Initially, we’d filter relevant tweets containing keywords like “earthquake” or “shaking.” Spark Streaming is perfect for this:

1
2
TwitterUtils.createStream(...)
            .filter(_.getText.contains("earthquake") || _.getText.contains("shaking"))

Next, we’d perform semantic analysis to identify tweets referencing a current earthquake. For example, “Earthquake!” or “Now it is shaking” would be positive matches, while “Attending an Earthquake Conference” or “The earthquake yesterday was scary” wouldn’t. The authors utilized a support vector machine (SVM). We’ll follow suit, but we could also explore a streaming version. An example using MLlib might look like this:

 1
 2
 3
 4
 5
 6
 7
 8
 9
10
11
12
13
14
15
16
17
18
19
20
21
22
23
24
25
26
// We would prepare some earthquake tweet data and load it in LIBSVM format.
val data = MLUtils.loadLibSVMFile(sc, "sample_earthquate_tweets.txt")

// Split data into training (60%) and test (40%).
val splits = data.randomSplit(Array(0.6, 0.4), seed = 11L)
val training = splits(0).cache()
val test = splits(1)

// Run training algorithm to build the model
val numIterations = 100
val model = SVMWithSGD.train(training, numIterations)

// Clear the default threshold.
model.clearThreshold()

// Compute raw scores on the test set. 
val scoreAndLabels = test.map { point =>
  val score = model.predict(point.features)
  (score, point.label)
}

// Get evaluation metrics.
val metrics = new BinaryClassificationMetrics(scoreAndLabels)
val auROC = metrics.areaUnderROC()

println("Area under ROC = " + auROC)

Satisfied with the model’s prediction accuracy, we could proceed to the next stage: reacting to detected earthquakes. Detection would involve identifying a specific density of positive tweets within a defined time window, as described in the article. Tweets with location services would also provide earthquake locations. With this data, we could use SparkSQL to query a Hive table (containing users subscribed to earthquake notifications) to retrieve their email addresses and send personalized warnings:

1
2
3
4
5
// sc is an existing SparkContext.
val sqlContext = new org.apache.spark.sql.hive.HiveContext(sc)
// sendEmail is a custom function
sqlContext.sql("FROM earthquake_warning_users SELECT firstName, lastName, city, email")
          .collect().foreach(sendEmail)

Other Use Cases for Apache Spark

Spark’s potential extends far beyond earthquake detection.

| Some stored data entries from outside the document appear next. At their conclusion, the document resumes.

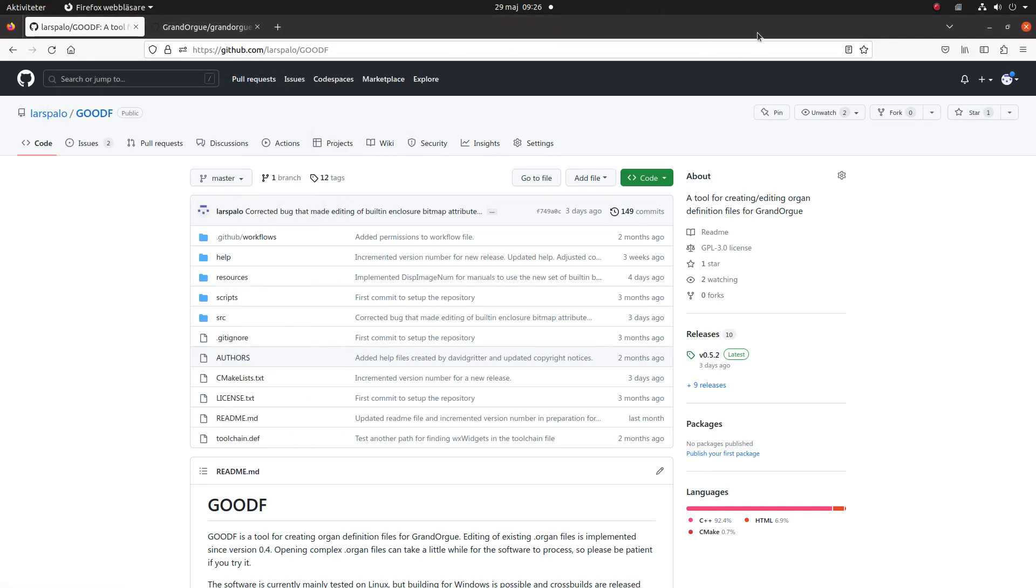Hi and welcome to this screencast, the first in a series about using GeoODF. This is just to give you an overview of the program.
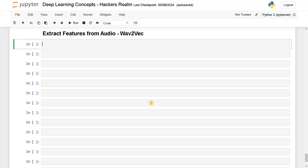Hi everyone, this is Ashwin here. In this video, we're going to see how to extract features from an audio file using wave2vec2. We already seen how to extract features using MFCC, which is a traditional feature extraction method, but recently many new models came with lots of data trained on. So instead of relying on the traditional methods, we could also rely on neural network based feature extraction. So that's what we are going to see in this video. Let's dive into the tutorial.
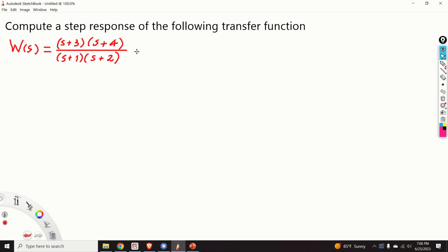I already anticipate that some of you might ask the following question: why do we need to learn to compute the step response of a transfer function by hand when we have advanced tools such as MATLAB, Python, Mathematica, etc.? Well, the answer is very simple. You need to learn how to do things by hand because in that way you will build intuition about dynamical systems and control engineering.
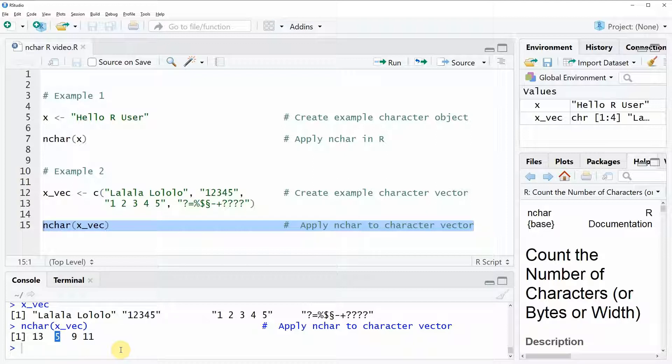So this is basically how the n-char function can be applied. However if you want to learn more about the n-char function you could also have a look at my homepage statisticsglobe.com because I have recently published a tutorial on the n-char function and in the tutorial I'm also showing more complex data situations and data settings where there might occur problems with the n-char function.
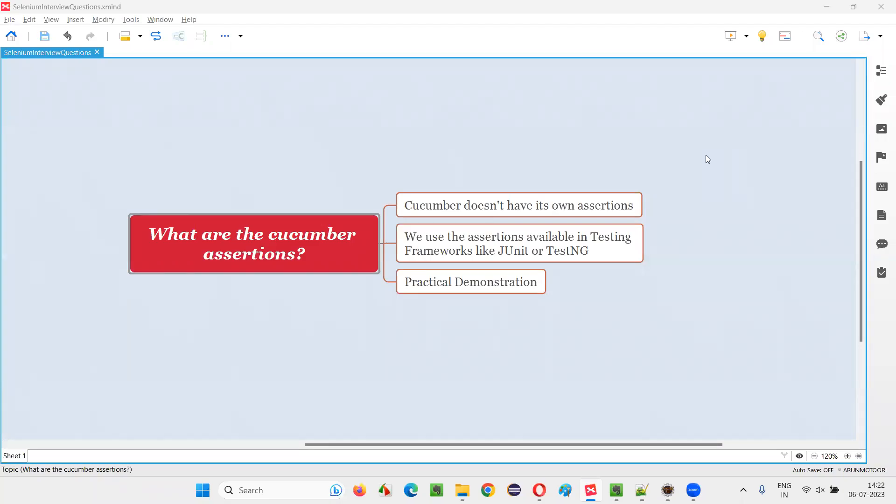Hello all. Welcome to this session. In this session, I am going to answer one of the Selenium interview questions: What are Cucumber assertions?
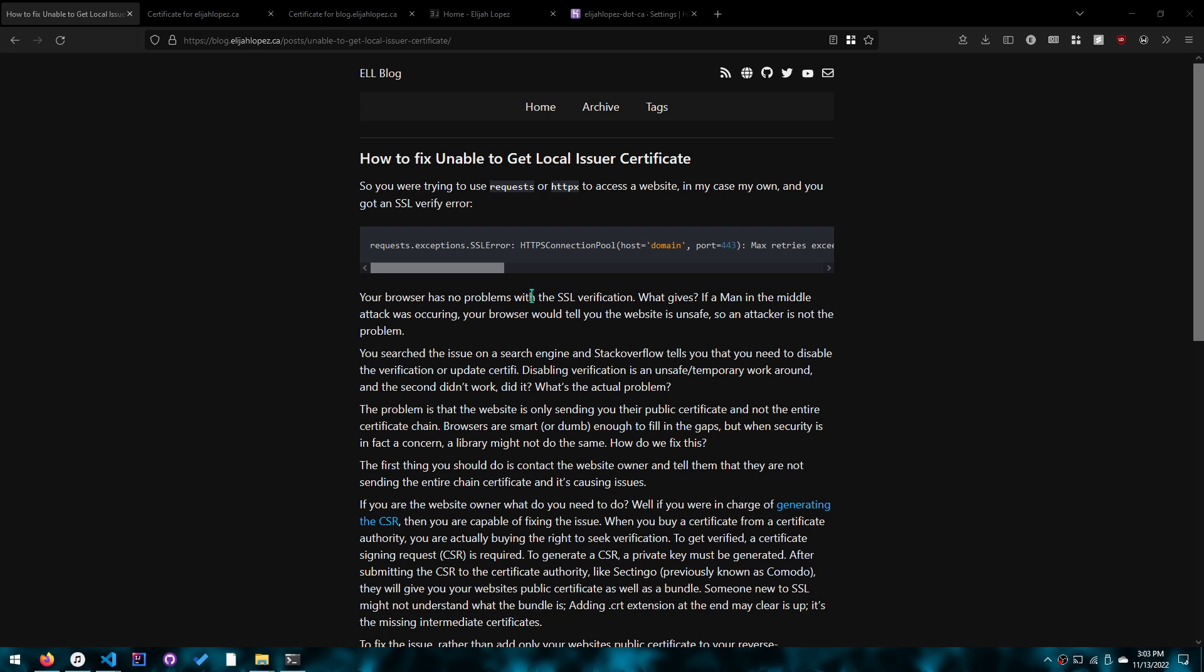Hey guys, today I'll be fixing your SSL error. If you're coming from Stack Overflow and you tried to fix it using those solutions or workarounds and they didn't work, this video is for you.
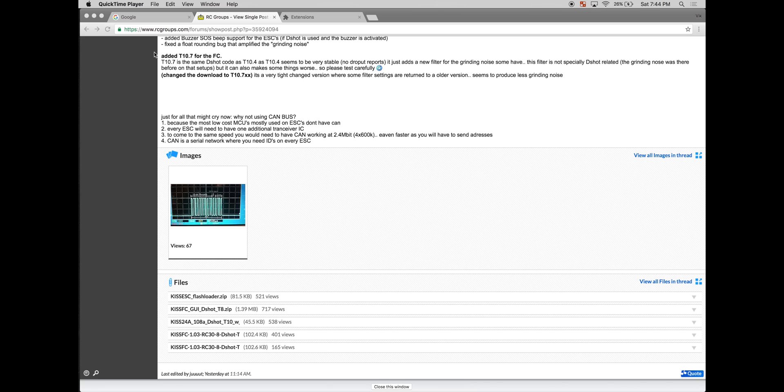Hey guys, this is Vic. I just wanted to do a quick tutorial on how to update your KISS gear with DSHOT. Hope you guys enjoy and hopefully it's helpful.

Here’s a glimpse into other use cases demanding Spark’s prowess in handling Big Data’s velocity, variety, and volume:

In gaming, processing and deciphering patterns from the deluge of real-time in-game events, and reacting instantly, presents lucrative opportunities. This could enhance player retention, targeted advertising, and automatic complexity adjustments.

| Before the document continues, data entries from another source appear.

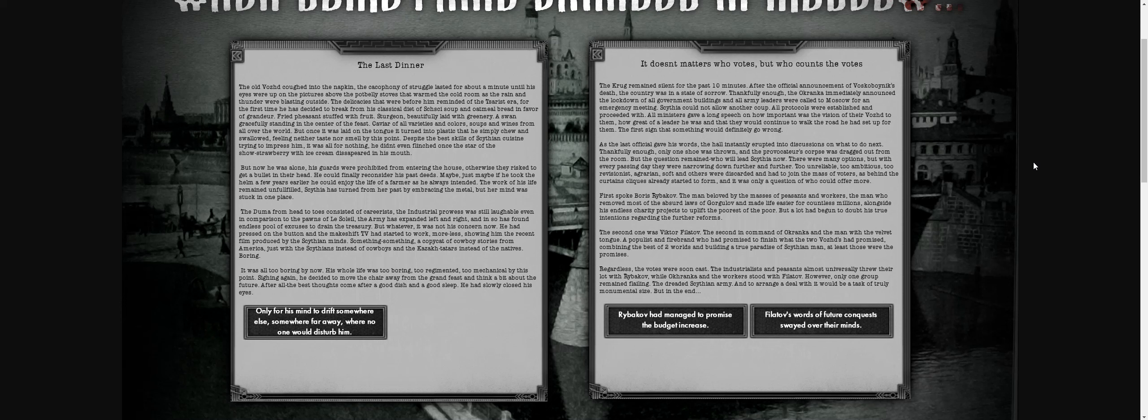He was alone—his guards were prohibited from entering or they'd risk a bullet to the head. He could finally reconsider his past. Maybe if he'd taken the helm 33 years earlier, he could have enjoyed the life of a farmer as he always intended. The work of his life remained unfulfilled. The Duma consisted of careerists, industrial prowess was still laughable, and the army had expanded with endless excuses to drain the treasury. He pressed a button and the TV started working, showing recent films produced by Scythia—something like cowboy stories from America but with Scythians instead of cowboys and Kazakh talks instead of natives.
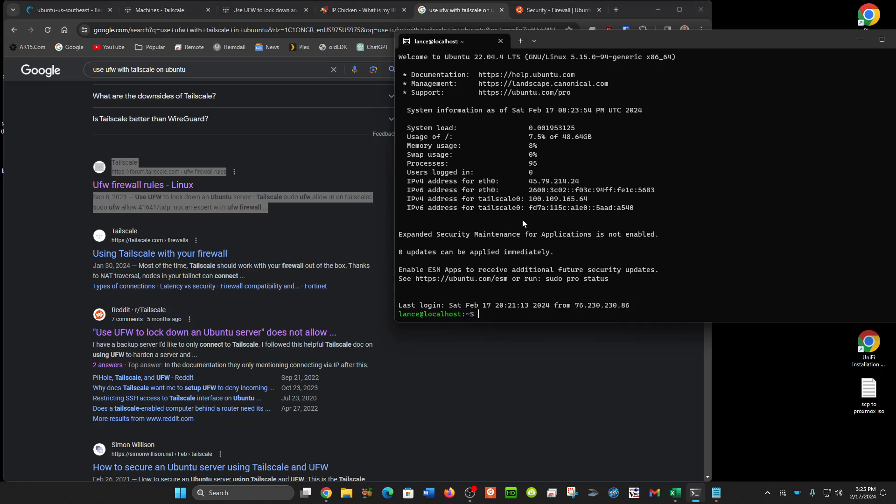Now, if you were running other services on here that you needed open to the public, like a web server or nginx proxy manager or something, you would need to open those ports. That's another video and another topic. Thanks.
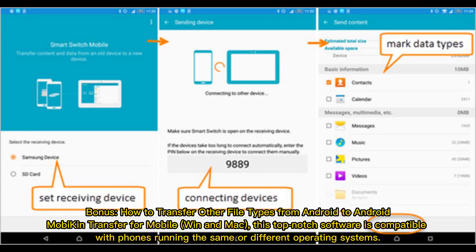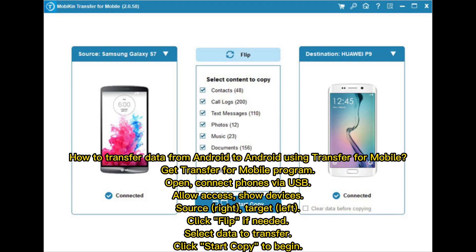MobiKin Transfer for Mobile works on Windows and Mac. This top-notch software is compatible with phones running the same or different operating systems. Here's how to transfer data from Android to Android using Transfer for Mobile — get Transfer for Mobile and open the program.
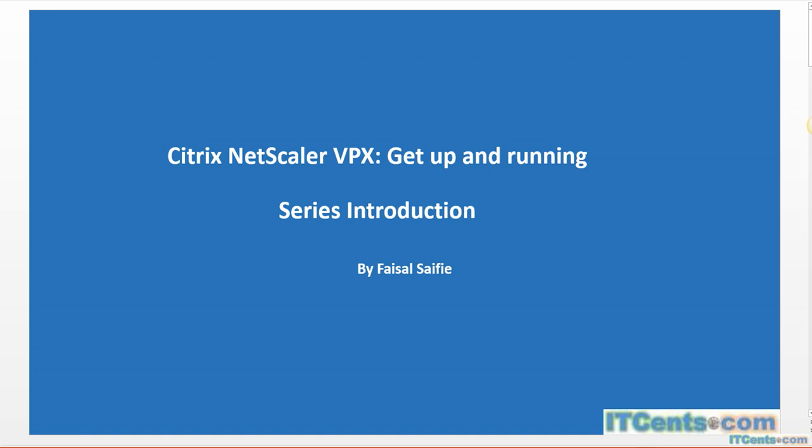Citrix NetScaler VPX: Get Up and Running Series Introduction. Welcome everyone, my name is Faisal and welcome to another video series from my website idsense.com. In this video series we will discuss and go through the process of configuring Citrix NetScaler VPX.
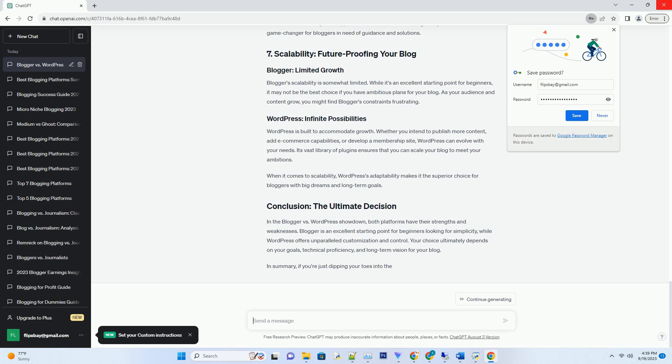WordPress, with its extensive library of SEO plugins like Yoast SEO and All-in-One SEO Pack, is an SEO powerhouse. These plugins provide in-depth tools for optimizing every aspect of your content, from keyword analysis to readability and schema markup. If your goal is to dominate search engine results, WordPress is your best ally. In terms of SEO friendliness, WordPress is the undisputed champion.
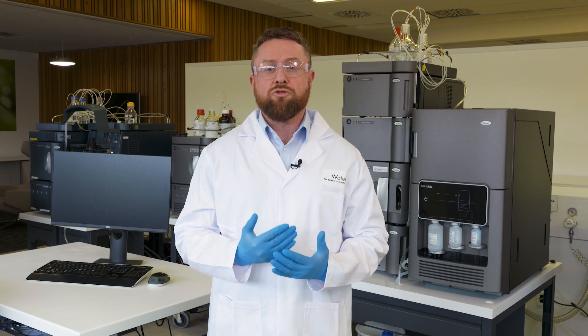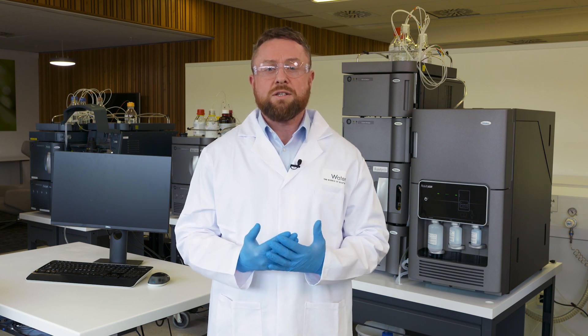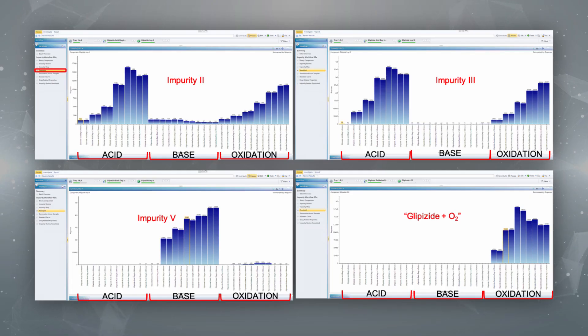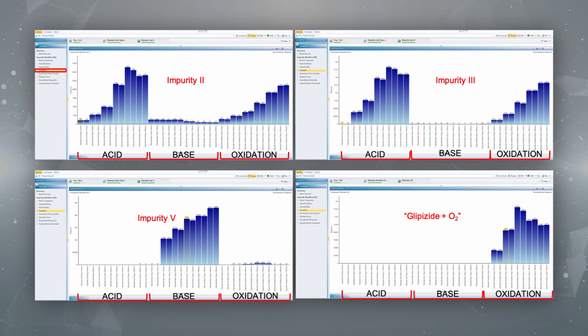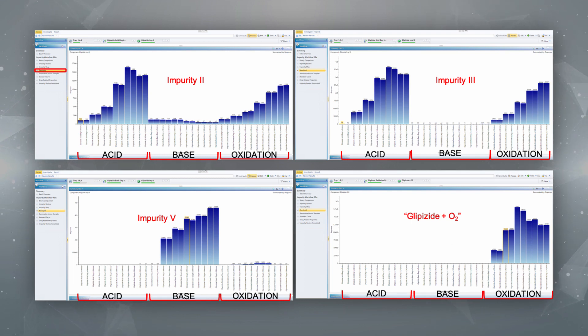The trend plot workflow step was modified to show the spread of impurity generation over all the time points tested, giving an indication of glipizide's relative stability at all stress conditions used. As can clearly be seen from these graphs, impurity 2 and 3 are generated under predominantly acidic and oxidative conditions. Impurity 5 exclusively under basic conditions, and an unknown oxidation product — tentatively assigned by UniFi as glipizide plus O2 — generated under oxidative conditions only, which we will now investigate further in the non-targeted section.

In e-commerce, real-time transaction data could feed a streaming clustering algorithm like k-means or collaborative filtering like ALS. Combining these results with unstructured data (customer comments, product reviews) could refine recommendations to reflect emerging trends.

In finance or security, Spark could power fraud/intrusion detection systems or risk-based authentication. Analyzing vast archived logs, merging them with data on breaches and compromised accounts (see https://haveibeenpwned.com/), and incorporating connection/request details like IP geolocation or time, would deliver superior results.

Conclusion

In essence, Spark simplifies the demanding task of processing large volumes of real-time or archived data, structured or unstructured. Its seamless integration of complex capabilities like machine learning and graph algorithms makes Big Data processing accessible. Explore Spark!